Through service configuration, we can define:
- If event replay is to be performed (clearly it is not necessary for a stateless service).
- At what point in the input queues is event replay finished, so that subsequent events are seen as genuine input events to the service and processed normally, with output state update events being posted.
By default, no event replay is performed, and the service will process inputs starting from the point at which the last output event was posted. In the case of a service starting for the first time, this will cause processing to begin with the first input event.
Queue Replication
Chronicle Queue Enterprise offers the capability to replicate a queue to one or more secondary systems, providing a basis for implementing high-availability deployment architectures for applications.
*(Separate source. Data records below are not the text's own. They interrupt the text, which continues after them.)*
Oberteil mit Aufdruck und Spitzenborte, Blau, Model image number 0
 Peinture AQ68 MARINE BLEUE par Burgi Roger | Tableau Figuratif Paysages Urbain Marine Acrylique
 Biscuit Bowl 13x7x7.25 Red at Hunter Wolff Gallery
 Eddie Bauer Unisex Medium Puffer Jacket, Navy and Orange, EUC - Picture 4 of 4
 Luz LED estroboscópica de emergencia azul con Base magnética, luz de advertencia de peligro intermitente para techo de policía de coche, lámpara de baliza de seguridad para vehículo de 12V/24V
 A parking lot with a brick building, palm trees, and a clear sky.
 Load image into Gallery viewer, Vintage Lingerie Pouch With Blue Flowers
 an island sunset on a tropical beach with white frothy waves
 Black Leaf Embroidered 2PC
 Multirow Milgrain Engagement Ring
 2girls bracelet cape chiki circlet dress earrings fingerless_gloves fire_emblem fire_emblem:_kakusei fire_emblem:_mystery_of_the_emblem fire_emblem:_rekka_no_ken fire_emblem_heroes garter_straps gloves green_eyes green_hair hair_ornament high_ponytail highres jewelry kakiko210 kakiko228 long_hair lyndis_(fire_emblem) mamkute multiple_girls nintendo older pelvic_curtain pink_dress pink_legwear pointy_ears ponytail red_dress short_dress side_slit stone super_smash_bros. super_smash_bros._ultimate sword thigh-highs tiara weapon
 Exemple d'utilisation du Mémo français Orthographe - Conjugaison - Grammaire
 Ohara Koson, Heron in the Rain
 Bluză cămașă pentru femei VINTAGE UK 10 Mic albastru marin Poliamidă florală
Since the replica queue(s) contain all of the state-changing events posted by the primary service instance, it follows that in the event of the primary service failing, an alternative service instance can be started on one of the backup systems. As it starts, this service instance will be able, through applying the replicated input events, to completely recreate the state that was valid in the failed instance.
A more detailed discussion of the implications of Queue Replication in Chronicle Services will be provided in a future article.
Checkpointing State
Chronicle Services applications are designed to operate over long time periods, and often extremely large number of events are posted to queues. Despite the performance of Chronicle Queue, the replaying of especially large numbers of events can introduce a delay in restarting a service instance that has failed, resulting in a lack of availability that may be unacceptable.
As well as providing a high level configuration based approach to state management, Chronicle Services offers a lower level API based approach that provides the ability to write snapshots of the services state to a queue, and to use this snapshot as a checkpoint to reduce the amount of time to recreate the state when starting or restarting.In this approach, it is necessary to read only from the last snapshot, handling state-changing input events that occurred after this point.
We will discuss this approach in more detail in a future article.
Summary
When implementing an application using a Microservice architecture, it is crucially important to be aware of the potential pitfalls of managing mutable state in components.
As a framework, Chronicle Services provides comprehensive approaches for doing this in a way that maintains state safely in a robust manner, without sacrificing performance.